I felt somehow lonely Friday. I went to work and for the first time I felt like an outsider. It was a weird feeling considering that general atmosphere there is pretty relaxed and friendly.

So I’m blaming my stupid brain for working so hard at making a big deal out of nothing.

And with that said I am now enjoying my 3-day weekend before my night shift. And Marlanu’ is enjoying himself as much as I am.

I must admit that we are a lazy bunch. I mean, all I did today was to knit and read “Peril at end house” by Agatha Christie. Not very productive at all, but after all it is the weekend so why not indulge myself in a little bit of mystery.

I was thinking to myself while I was knitting that in the past month I was pretty washed out and tense if I might add. These two emotions (if I might call them that) really don’t mix well.

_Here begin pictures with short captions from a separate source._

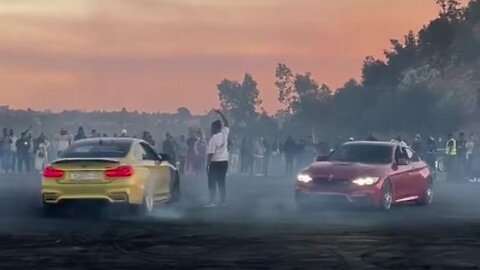 BMW DRIFTING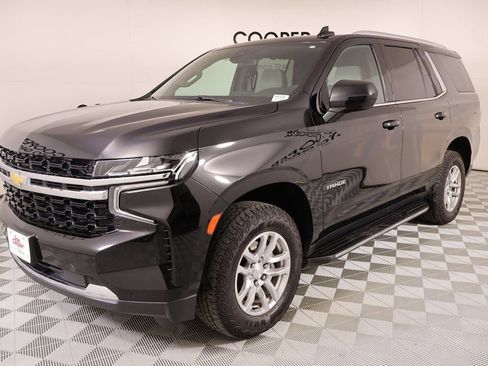 Used 2022 Chevrolet Tahoe LS w/ Driver Alert Package image 10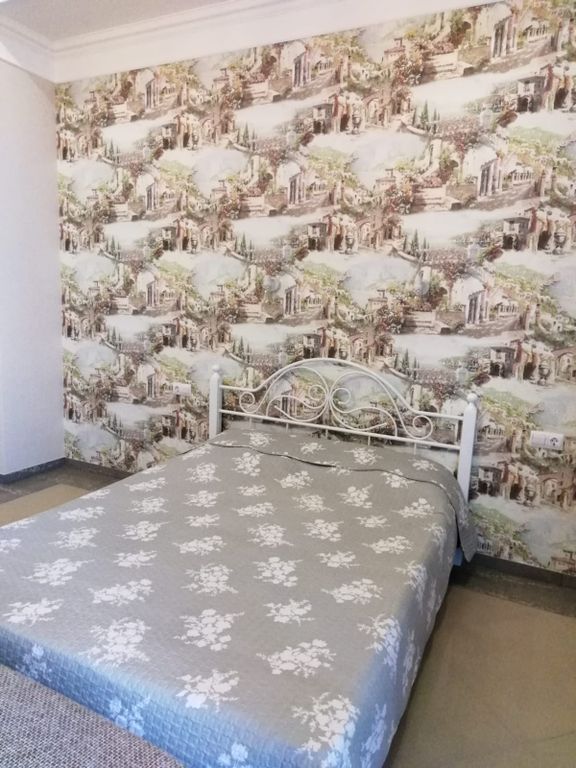 Апартаменты люкс с кухней и видом на море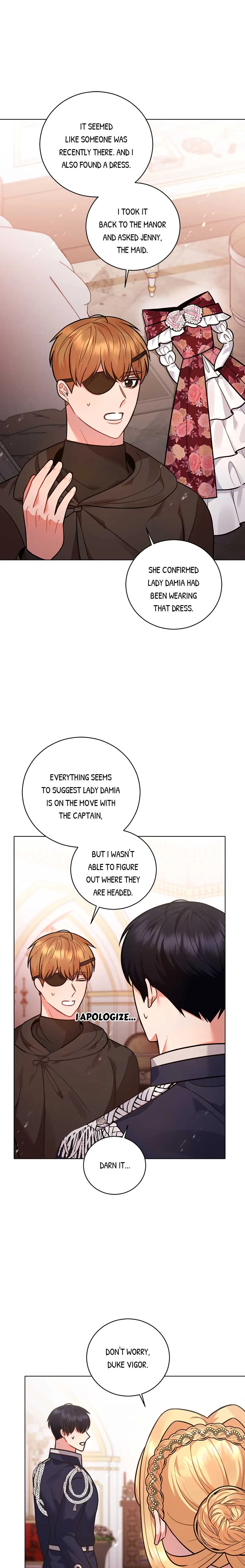 Supporting Characters Also Need Some Love Chapter 66 page 20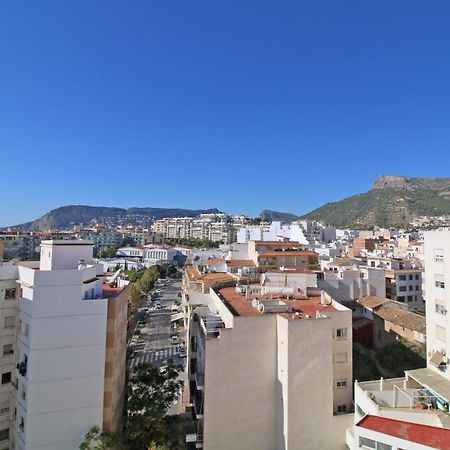 Apartamento Glorieta Apartment Calpe Ngoại thất bức ảnh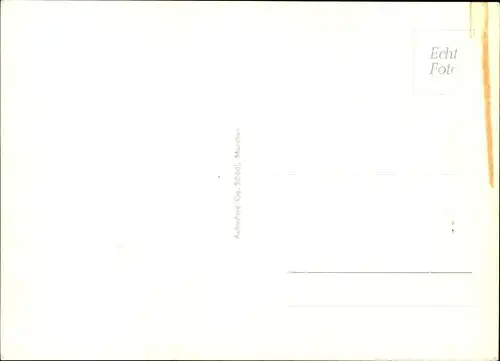 Ak Schauspielerin Erica Beer, Portrait, Autogramm, Tauben, Perlen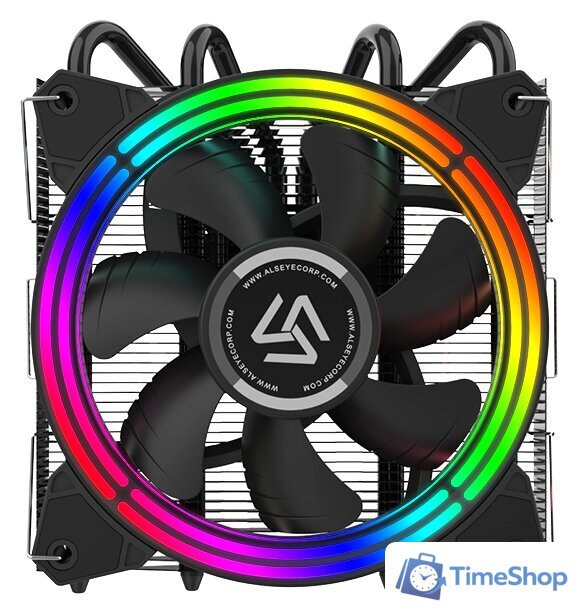 Кулер для процессора ALSEYE H120T - Изображение №1 — Интернет-магазин Time-Shop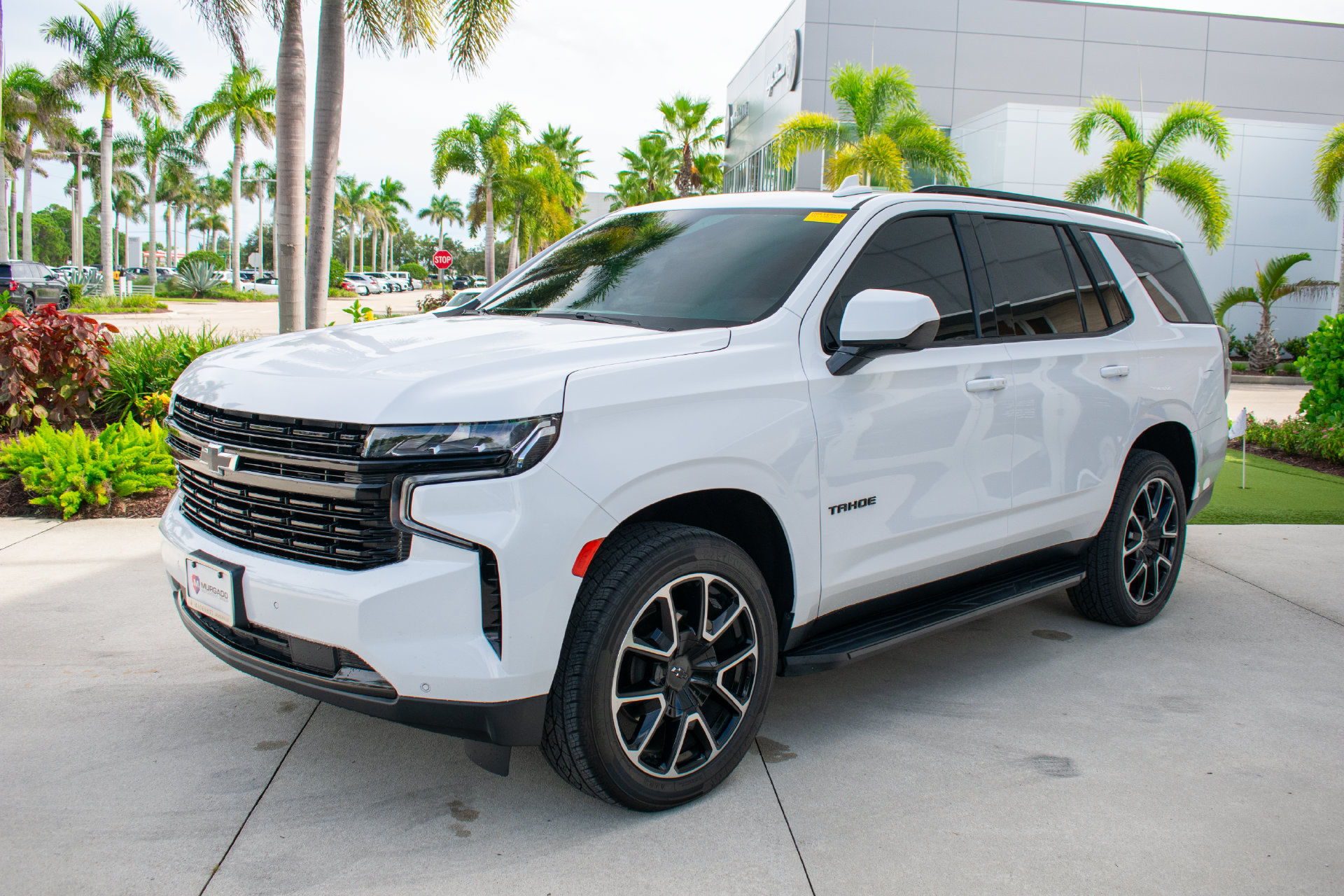 Used 2023 Chevrolet Tahoe RST AWD/4WD image 6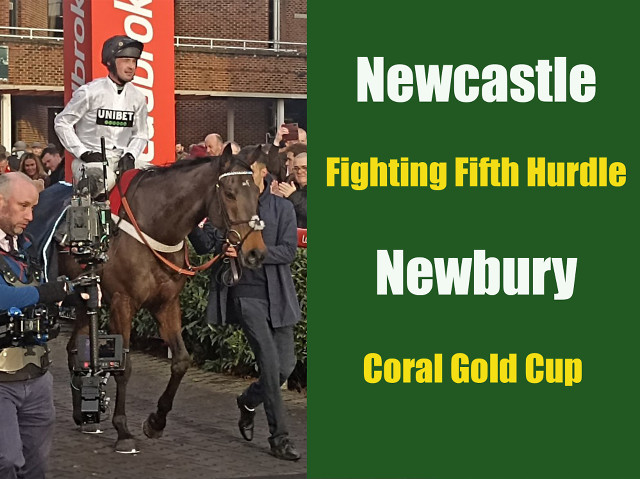 Vrátí se Constitution Hill? Zajímavý je Gold Cup v Newbury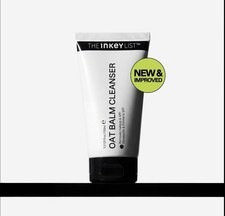 The INKEY List Oat Cleansing Balm 150ml Makeup Remover Face Cleanser - New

The wash out part comes from me not taking much care of myself. That’s not a good thing, I admit, but really who on earth could stand wearing make up in this heat?

With make-up during the summer I feel like the the wicked witch of the west and I have this wild urge to go on the streets and scream “I’m melting“.

So the washed out sensation must be from the fact that I don’t wear make-up while everyone else does. Well, at my new job they all wear make-up.

In a way I find it weird, at my old job I was the youngest and here I’m not the youngest and all the girls are pretty, each with her own style and personality. It’s like a fashion show, seriously. And I haven’t even mentioned the Chinese girls from the 18th floor who have all these awesome clothes and look impeccable.

Jealous? A little bit. But I would’ve been more jealous a couple of years ago. Now, I just wish to get my salary and buy a new pair of sneakers and an autumn jacket. Yup, I crave for autumn and the nice cold weather.

And yet I would not refuse another outing to the beach.

This summer has been good to me. I’ve got a new job, new friends, lost weight in a healthy way, still broke but hey we can’t have them all.

Weekend

The weekend is back and so is the heat.

This is one of my last weekends that I will actually have some peace of mind. My training period at work is almost over and I start real work in about a week. I actually did something that I would normally wouldn’t do, I actually picked the night sift. So for the next two months I will be working the “graveyard shift” as most people know it.

Even now I am wondering why I picked that shift, but then I remember that I just don’t have anything to do in the next two months and why not work a little bit harder and get more money before I start university once again.

I believe the experience of not having a job for two months opened my eyes and showed me that it can always get worse and if you don’t prepare yourself for this kind of situations you’re basically screwed.

I am not worried about the night shift, because I’m already used to staying up late to 3 in the morning; the question is can I keep it up for two months?

So I am just making sure I am in the right state of mind before I start working for real.

Knitting, making my new list of books to add to the MP3 player, making sure that I won’t neglect the blog, watching some anime movies/series, anything that can keep my spirits high.

I know this might sound weird but life, my life, seems to be really screwed up. I don’t believe I ever had a period when I was happy and just didn’t worry about things.

Every time there had to be something that went wrong

Ahh, I know there is no such thing as having the perfect life, but could I least have a break from all the shitheads that are out there? Seriously, I am getting sick and tired of putting up with everything and everyone.

At least I got good books available to me and I can always lose myself into someone else’s life of joy, sorrow, troubles and achievements.